Il futuro di Snapback? «Il futuro di Snapback sarà all’estero. Stiamo cercando una sede internazionale per sviluppare il nostro progetto e valutiamo l’ipotesi di andare in California, ma siamo pensando anche a New York e Singapore. Certo, non andremo nella Silicon Valley, lì i costi sono troppo alti. Al massimo potrebbe essere Silicon Bay, un po’ più a sud».

Cosa speri di ottenere da questa opportunità che ti offre Tel Aviv?

«Non penso ai finanziamenti che pure ci servirebbero molto, ma in questo momento mi interessano particolarmente le connessioni che posso creare intorno al mio progetto».

Ma senza soldi come si fa?

«Il mio è un progetto finanziato da soci. Certo che ci interessa incontrare finanziatori, ma soprattutto ci interessa che la comunità internazionale degli sviluppatori lavori con la cassetta degli attrezzi che gli forniamo noi con Snapback così da moltiplicare il numero delle applicazioni. Ora ci troviamo a Tel Aviv, pensa solo quante applicazioni possibili potrebbe avere Snapback per il sabato in Israele. In questo paese il sabato ci sono ascensori si fermano ad ogni piano per non costringere il passeggero a schiacciare il pulsante».

Insomma, l’obiettivo è trasformare la tua visione da software a hardware.

«Così è accaduto per le schede grafiche. All’inizio la grafica era software, ma poi la richiesta è stata tale da trasformare tutto in hardware con le schede grafiche».

Dal touch al touchless. Sarai l’uomo che sarà ricordato per averci tolto dalle mani lo smartphone?

«Non so, ma mi piacerebbe sviluppare anche altri progetti dopo Snapback».

Snapback è una startup in fase di sviluppo e di lancio. Come ti sostieni?

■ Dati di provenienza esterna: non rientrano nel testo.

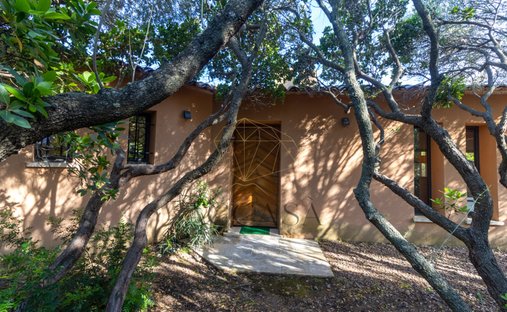 Villa en Figari, Córcega, Francia 1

«Con i soldi che avevo messo da parte. Io e i soci abbiamo investito soldi nostri in questo progetto. Per questo cerchiamo investitori».

Porti la fede, sei sposato. Tua moglie che ne pensa?

«Mi sostiene. Per dare impulso alla mia attività mi ha anche proposto il viaggio di nozze a Singapore».

* vice caporedattore Corriere del Mezzogiorno (tratto da Corriere.it)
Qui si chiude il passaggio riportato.